Saturday 25 February 2017

BREATHING AND HISTORY AND SYNCHRONICITY

Today a new collection of stories dropped through my letterbox. I tore open the envelope and flipped through the pages immediately. There was a story inside that caught my eye – it’s title something a little familiar somehow. I read it without sitting down, almost without breathing.

It was familiar because it was part of a project this writer and myself had worked on nearly ten years ago. It was all her own part and not a bit of it mine – the published thing in my hands. But it also felt like it would not exist if it had not been that we had worked together on this - and we were in step then, in tune and in time with each other, synchronised. I am pleased that it is in this collection – a part of me is pleased; but a part of me is something else.

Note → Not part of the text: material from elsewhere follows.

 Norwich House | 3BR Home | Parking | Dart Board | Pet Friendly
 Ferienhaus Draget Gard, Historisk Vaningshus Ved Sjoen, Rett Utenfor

It made me recall the project we’d shared for six months and the easy effort of that time and the enormous promise it held, and I could see from this published thing that now it will be no more than torn scraps. The piece that is published and which is in the collection I hold in my hands, it is tantalizing and incomplete and – for me – a little sad… like a torn bit of cloth that holds a snatch of pattern, all richly coloured and jeweled, but ultimately a scrap only and something less than the full bolt of cloth.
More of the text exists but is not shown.